== How to complete this task ==
Every line of the listing below should be written out exactly, minus its pictures.

== Given data ==
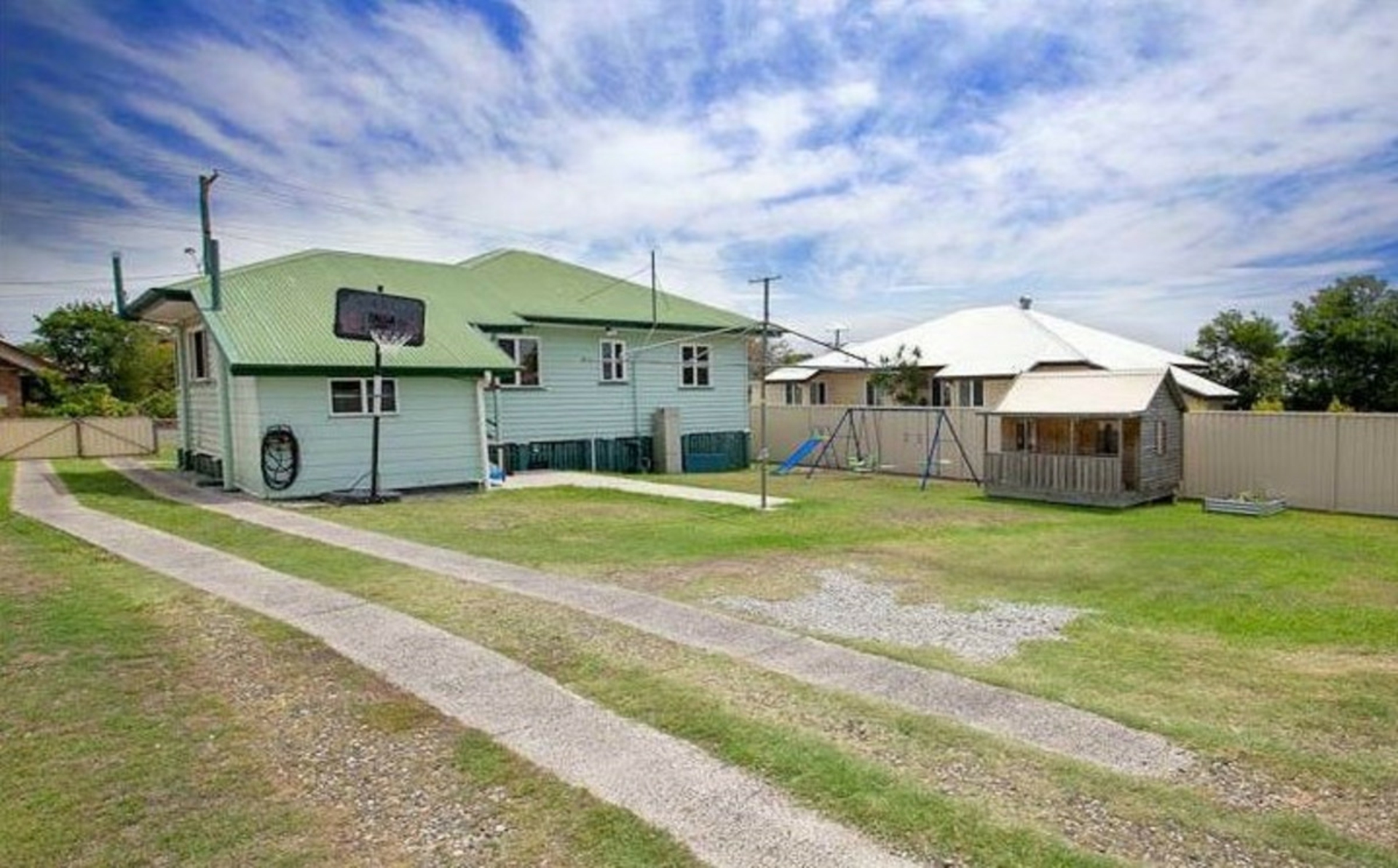 327 Hamilton Road, CHERMSIDE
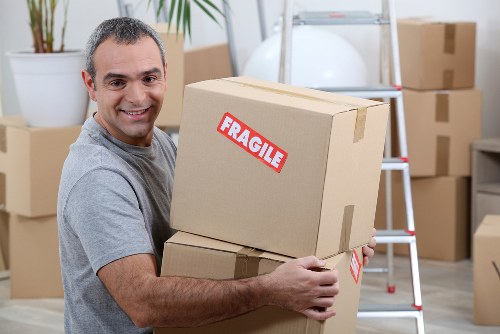 Packing and loading help for a small home move in Roehampton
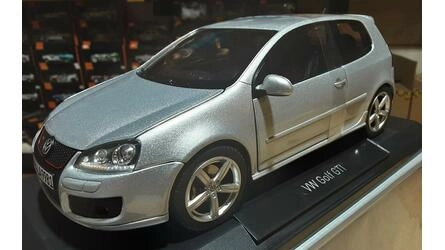 NOREV 1/18 - VW GOLF V GTI PIRELLI - 2007 - SILVER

== Response below ==
 327 Hamilton Road, CHERMSIDE
 Packing and loading help for a small home move in Roehampton
 NOREV 1/18 - VW GOLF V GTI PIRELLI - 2007 - SILVER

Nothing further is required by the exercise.